• GIVEN RECORDS:
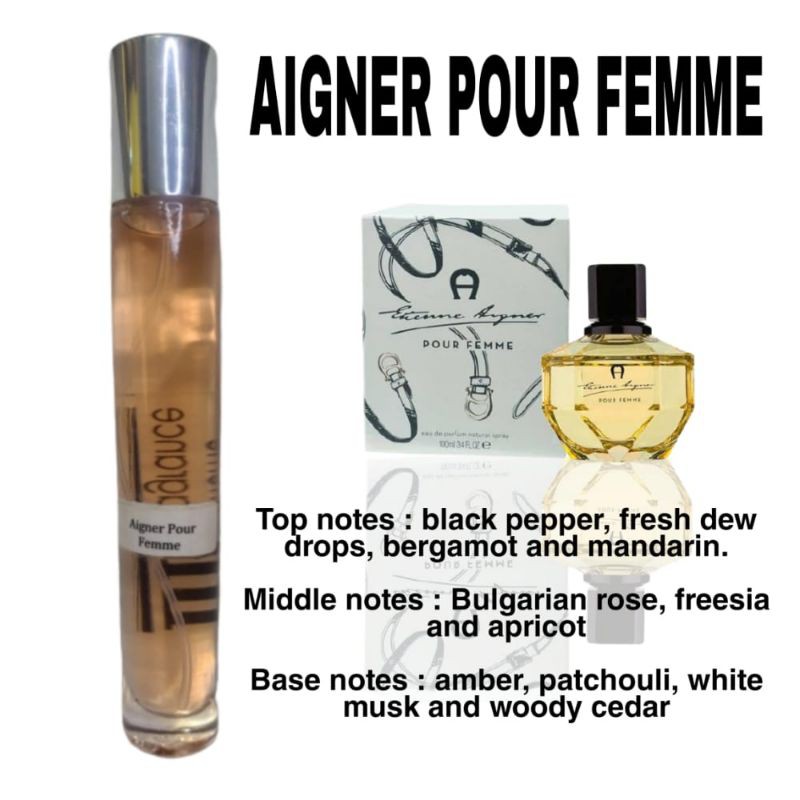 Jual PARFUM AIGNER POUR FEMME Shopee Indonesia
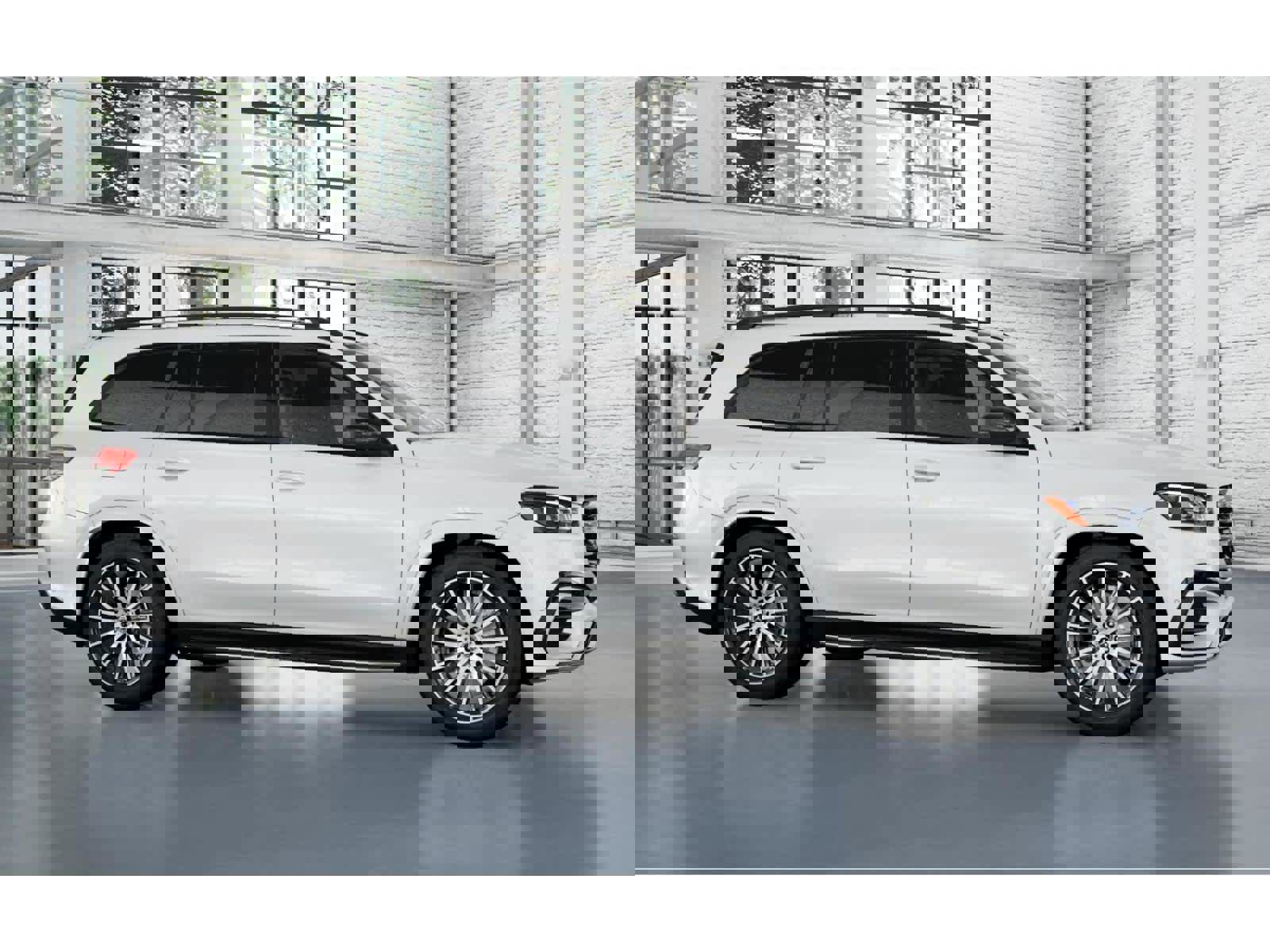 New 2025 Mercedes-Benz GLS 580 4MATIC image 14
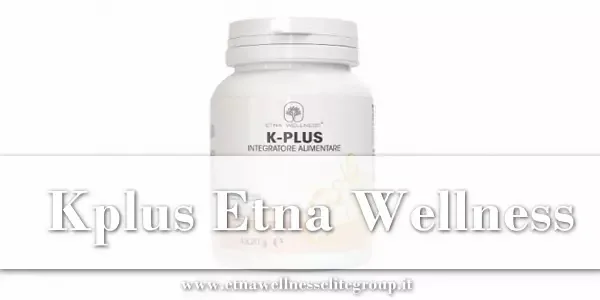 K-Plus Etna Wellness integratore con curcuma, berberis, emblica, cassia, zenzero e pepe nero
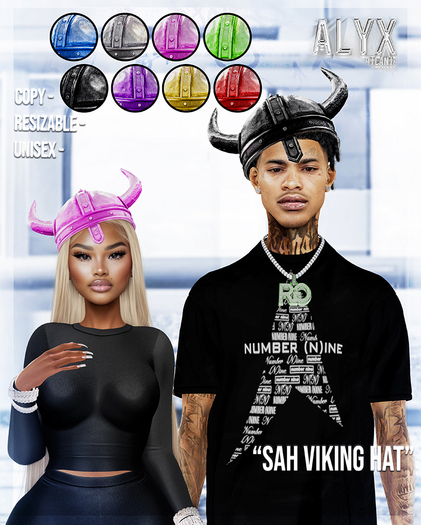 ALYX. Sah Viking Hat (Fat-Pack)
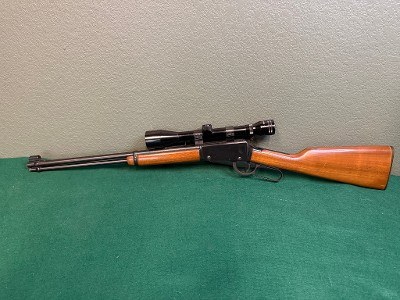 ERMA-WERKE Ithaca 72 Saddlegun .22 WMR - Image 1 of 8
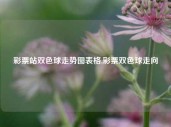 彩票站双色球走势图表格,彩票双色球走向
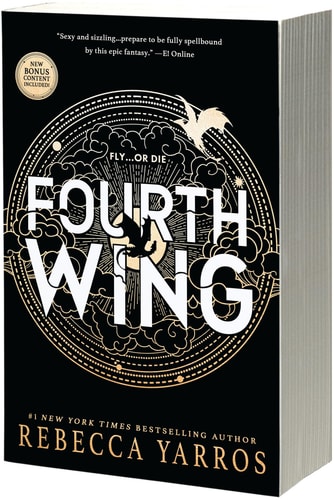 Fourth Wing by Rebecca Yarros
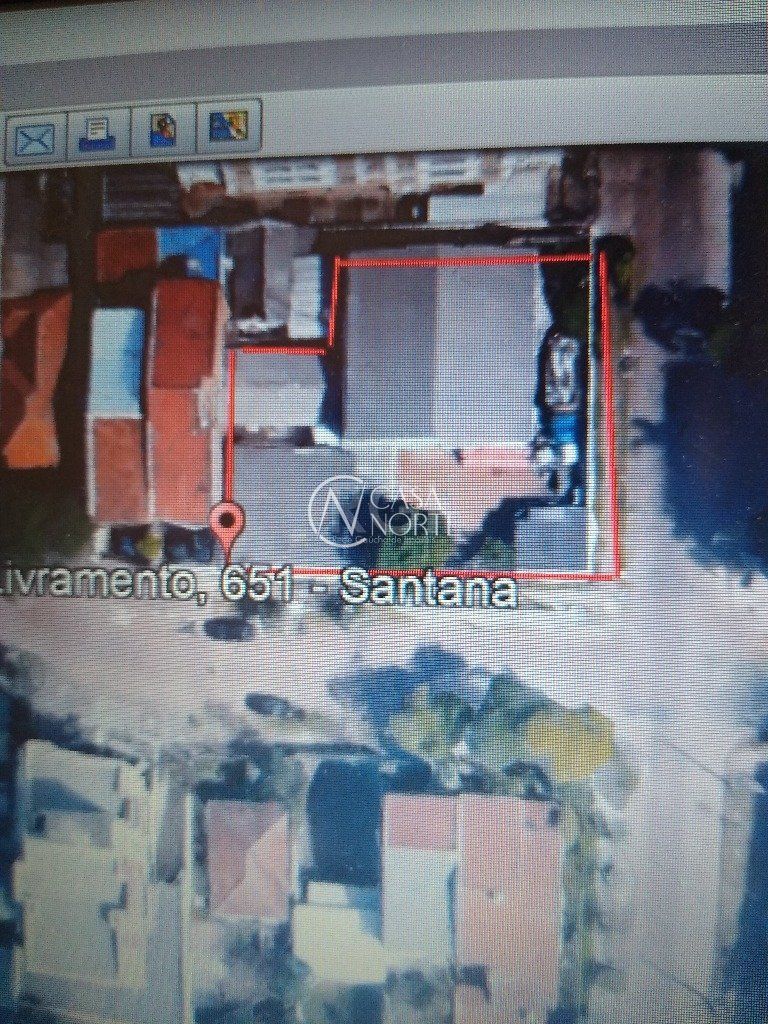 Terreno à venda  com 830m², Rua Livramento no bairro Santana em Porto Alegre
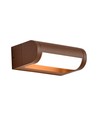 V-Tac 10W LED justerbar væglampe - IP65, Cortenfarvet, Cree chip, 3000K, 6 års garanti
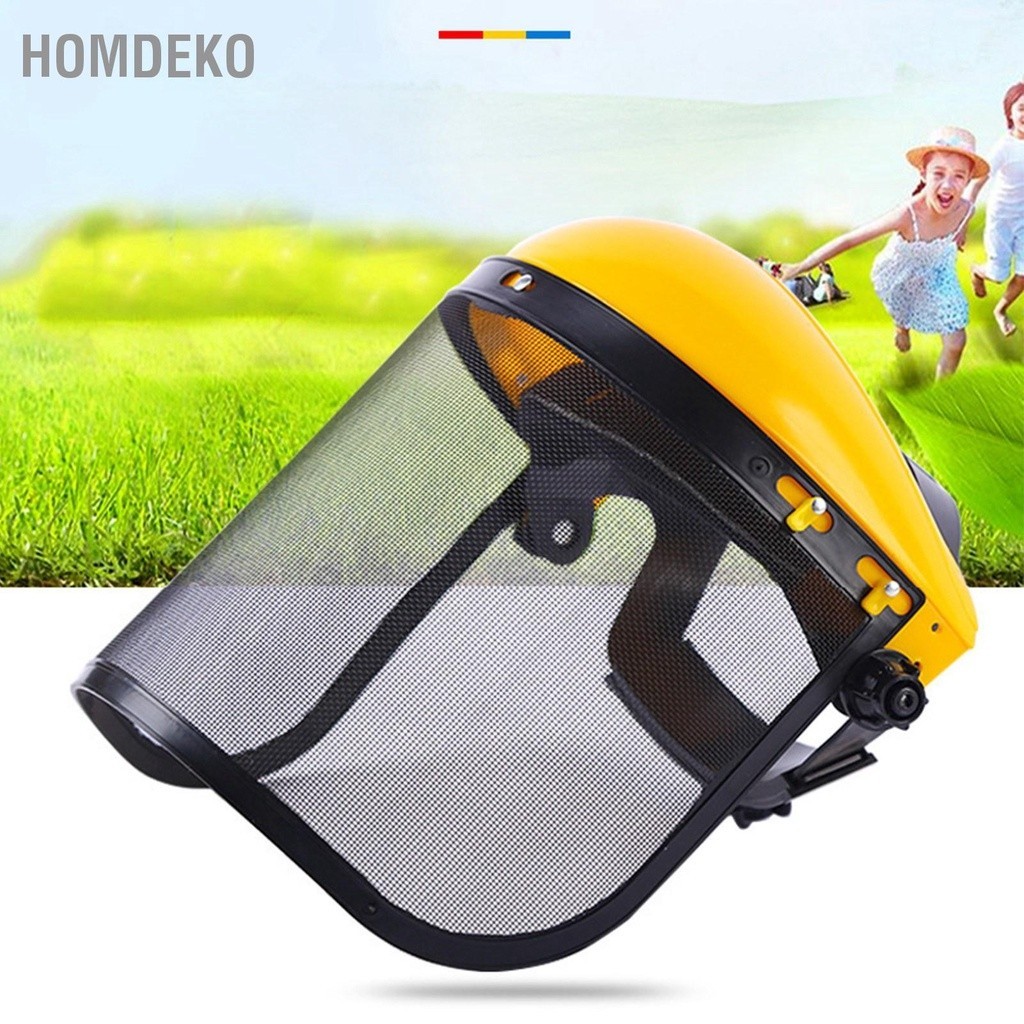 【COD】Mũ Bảo Hộ Lưới Thép Phát Cỏ – Tấm Chắn Mặt Dùng Khi Cắt, Mài, Hàn, Làm Vườn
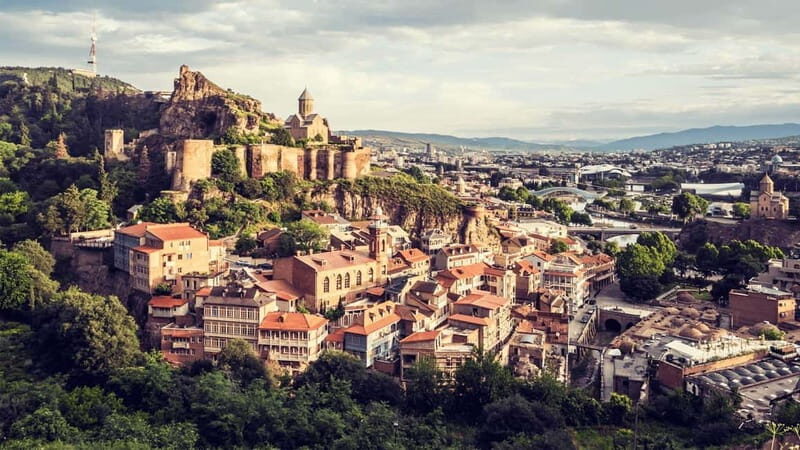 Tbilisi: Mtskheta & Tbilisi Tour with Wine and Lunch - Key Points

• GOAL OF THE EXERCISE: Without the pictures, give all of the entries above again exactly.

• THE ANSWER:
 Jual PARFUM AIGNER POUR FEMME Shopee Indonesia
 New 2025 Mercedes-Benz GLS 580 4MATIC image 14
 K-Plus Etna Wellness integratore con curcuma, berberis, emblica, cassia, zenzero e pepe nero
 ALYX. Sah Viking Hat (Fat-Pack)
 ERMA-WERKE Ithaca 72 Saddlegun .22 WMR - Image 1 of 8
 彩票站双色球走势图表格,彩票双色球走向
 Fourth Wing by Rebecca Yarros
 Terreno à venda  com 830m², Rua Livramento no bairro Santana em Porto Alegre
 V-Tac 10W LED justerbar væglampe - IP65, Cortenfarvet, Cree chip, 3000K, 6 års garanti
 【COD】Mũ Bảo Hộ Lưới Thép Phát Cỏ – Tấm Chắn Mặt Dùng Khi Cắt, Mài, Hàn, Làm Vườn
 Tbilisi: Mtskheta & Tbilisi Tour with Wine and Lunch - Key Points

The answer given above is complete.